When the call for “price transparency” came to America’s hospitals, shouldn’t it have also gone to the supplier community as well?

Imagine a world where cost information is kept from patients, physicians, boards of directors, auditors, insurance payors, and consultants. Imagine a world where you cannot share certain financial performance information with those same constituents to get advice. Imagine a world where you must negotiate a contract in a vacuum, without benchmarking information, or legal assistance. Imagine a world where language printed on an invoice, different from a negotiated contract, creates a binding contract if paid by your organization.

That world may be closer than we think.

Suppliers are beginning to place confidentiality clause language in their contracts. The clause prevents hospitals from discussing details of a contract with anyone--unless the supplier, at their sole discretion provides prior written authority to release that information. That means you can’t tell your patient what the product cost. You can’t tell the physician what it cost. You can’t tell your board of directors the terms of an agreement. You can’t even share the information with an insurance payor to get a better rate on your procedures.
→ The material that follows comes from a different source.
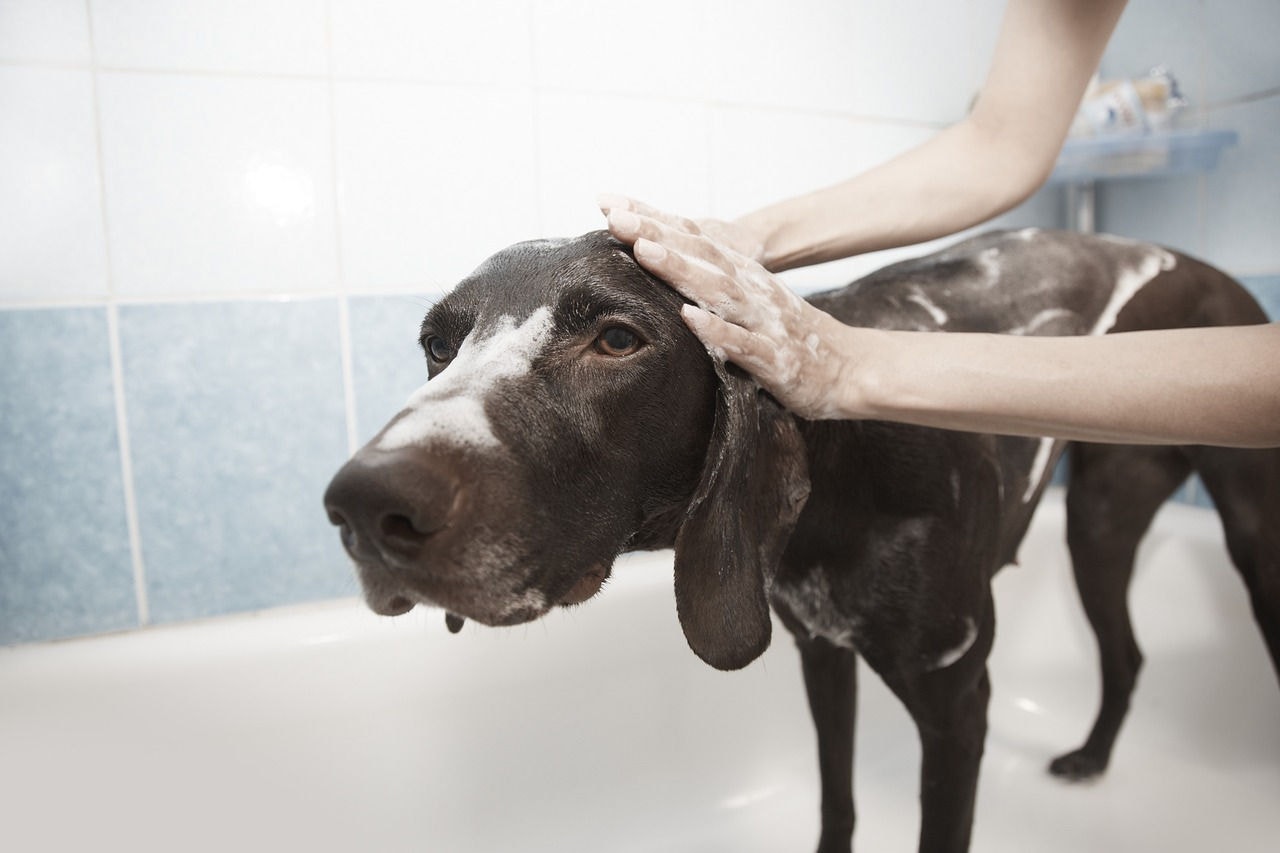 A frequência ideal de banhos vai depender das necessidades específicas de cada animal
It is illegal to tell a consultant engaged in negotiating contracts on your behalf. And, finally, you would need prior written consent for your auditors to review your files for an audit.
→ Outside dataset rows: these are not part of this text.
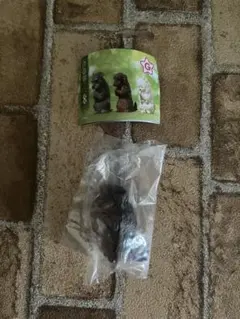 合掌　匠　犬拝　其の参　ダックスフンド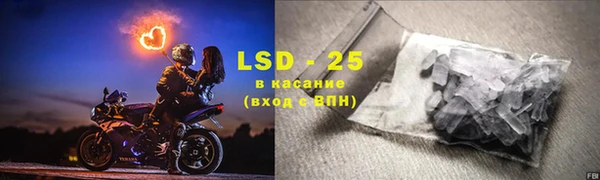 прущие грибы Горняк
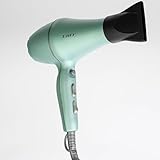Taiff Style Hair Dryer Ionsense Silver, 125V, Fast Drying, Frizz-Reducing Ionic Ceramic, 1875W, Lightweight Blow Dryer with Diffuser for Curly Hair, Professional Performance - GREEN
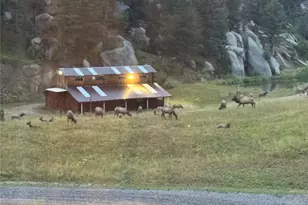 60 N Co Hwy 67, Sedalia, CO 80135 - Photo 8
What if all suppliers took this approach to claiming their pricing information is confidential and your hospital doesn’t own its purchase price data? Who’s next to be sued? The local audit firm for looking at invoices during a routine audit? The insurance company for requesting a copy of implant invoices to verify pass through pricing? The hospital for providing information to better manage their chargemaster?

Hospitals aren’t asking to be able to share confidential contract information with the hospital down the street. Nor are we asking to share it with the supplier’s competitors. At the end of the day we just want to be able to do business as usual, get a fair deal from the insurance payor, and know whether we’re getting a good deal when we negotiate a contract. Is that too much to ask?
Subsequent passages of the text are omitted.